‘Mamma Mia!’ is silly singalong foot-tapping ABBA-fest, a huge block of cheesiness that leaves a warm glow inside like a sugary bowl of Ready Brek. It’s one the most successful British films ever. So what about the sequel, ‘Mamma Mia! Here We Go Again’? Often sequels are rubbish. This one, though, is right on the money, money, money. The one liners are sharper, the flares wider, the platforms higher, the sequins flashier. The cast had a ball and so did we. And there wasn’t a dry eye in the house by the end.
Liam hyperventilated at the prospect of watching Eurovision’s Greatest Hits, an extravaganza beamed across Europe by the BBC to celebrate the sixtieth anniversary of the travelling camp fest. I slipped a little something in his Rioja to calm him down. Compered by Graham Norton in his newly acquired hipster whiskers and the posh-frocked Swede, Petra Mede, the show featured some of the contest’s most iconic/dire/fabulous/dreadful (delete according to taste) songs from times past – Brotherhood of Man, Johnny Logan, Lordi, Nicole, Bobby Socks (who?) to name but a few.
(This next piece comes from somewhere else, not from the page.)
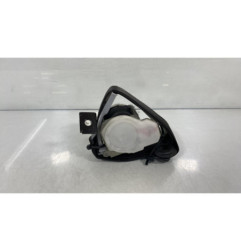Ceinture avant gauche OPEL SIGNUM Photo n°2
Sadly, ABBA didn’t reform for the celebration but the BBC did chuck in Riverdance to get the feet tapping (an interval act that was one of the best things to ever emerge from the competition).
Eurovision has come a long way since Pearl Carr and Teddy Johnson represented Le Royaume-Uni in 1959 with Sing, Little Birdie. Now we have the transgender Dana International (winner for Israel in 1998) and Conchita Wurst, the bearded lady (winner for Austria 2014) singing a duet holding hands. Way to go, sisters – changing the world one sequin at a time and really pissing off the bigots.